Summa Western Reserve Hospital recently launched its new Lung Health Program.

Summa Western Reserve Hospital recently launched its new Lung Health Program. One of the only lung health and smoking cessation programs of its kind in the area, the program offers collaborative care for smokers (both current and those who have quit) or those exposed to secondhand smoke. A unique feature of the program is the inclusion of a rapid, non-invasive, pain-free low-dose CT scan that produces a 3-dimensional image of the lungs. This screening measure has been proven extremely accurate for early detection of cancers and abnormalities in the chest. Individual or group consultation sessions for smoking cessation are also provided.
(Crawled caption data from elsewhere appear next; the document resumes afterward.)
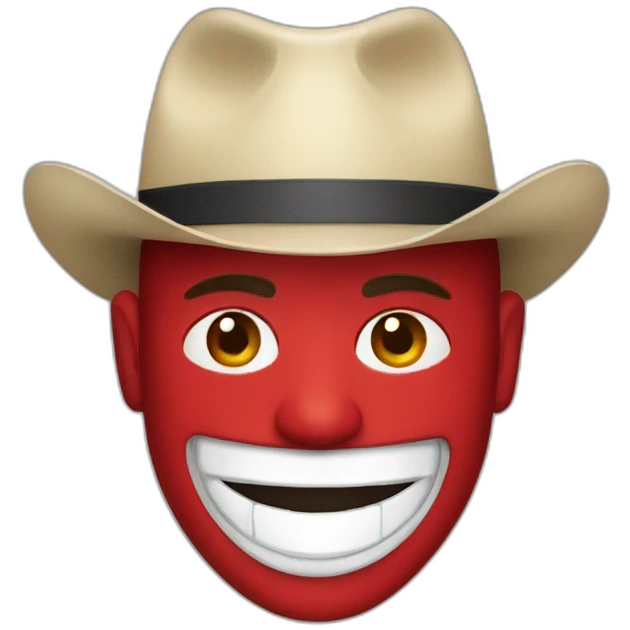 red panama emoji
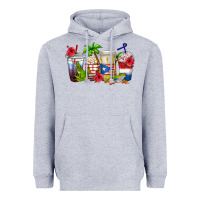 Heather Grey puerto rico coffee cups Heavyweight Hoodie - texasbilliewilder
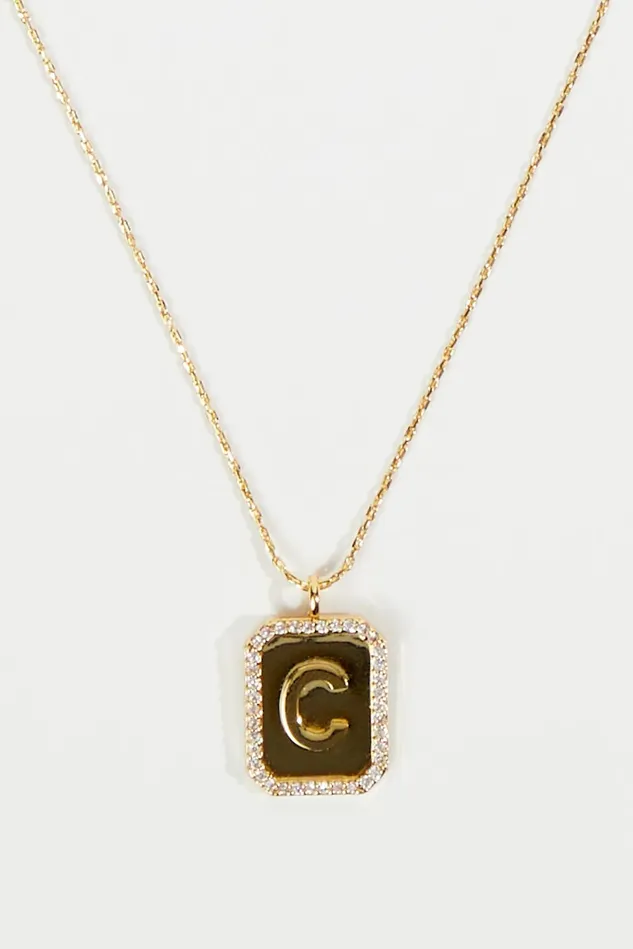 Altar039d State Rhinestone Lined Monogram Pendant Necklace 8211 C Women Jewelry Altar039d State Rhinestone Lined Monogram Pendant Necklace 8211 C Women Jewelry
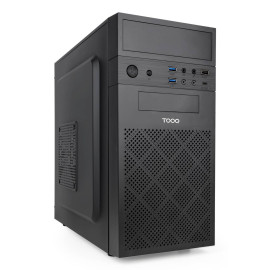 TooQ Caja Minitorre Micro-ATX “ISOBOX ULTRA”, Negra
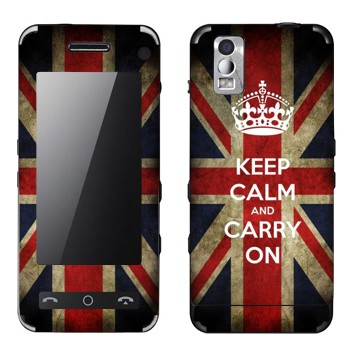   «Keep calm and carry on»   Samsung F490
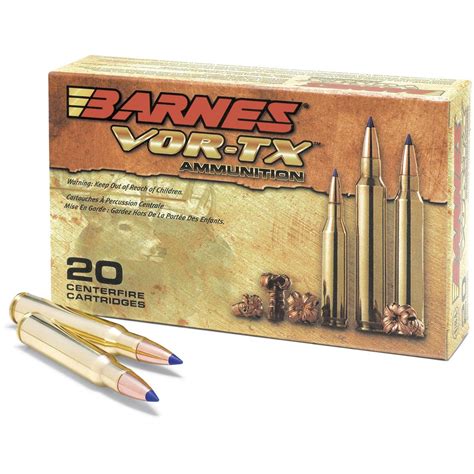 Barnes VOR-TX, .270 Winchester, TTSX-BT, 130 Grain, 20 Rounds - 223787, .270 Winchester Ammo at ...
Smoking addiction, ailments, smoking history, medications and past quit attempts are considered as well during the treatment process in order to create an individualized smoking cessation plan. Patients receive an overall health evaluation and progress report that are reviewed when planning any future treatment in concert with their primary care physician, and an on-site nurse practitioner serves as a liaison between patient and physician to facilitate continued collaborative care during every stage of the program.

 

Summa Western Reserve Hospital unveiled the program with its first annual Lungs for Life event at the hospital on Saturday, January 28th. Pre-scheduled guests who felt they may be at risk of a smoking-related illness enrolled in the Lung Health Program, and received a free low-dose CT screening and private lung health evaluation to identify existing and/or potential health concerns. Same-day results were provided to participants courtesy of on-site physicians and a nurse practitioner. Smoking cessation resource packets and a gift were also given to registered guests.

 

“We encourage those who smoke, have smoked or who have had exposure to secondhand smoke to take advantage of this  quick, results-driven imaging test to evaluate their lung health and potentially identify other abnormalities in the chest which may be a factor in their overall health,” says Dr. Jeffrey Unger, Medical Director, Department of Radiology at Summa Western Reserve Hospital. “Low-dose CT scans are one of the most effective ways to detect an early lung cancer.  Statistically, cancers found through such screening procedures have shown a significantly increased likelihood of cure when caught and removed in the early stage.”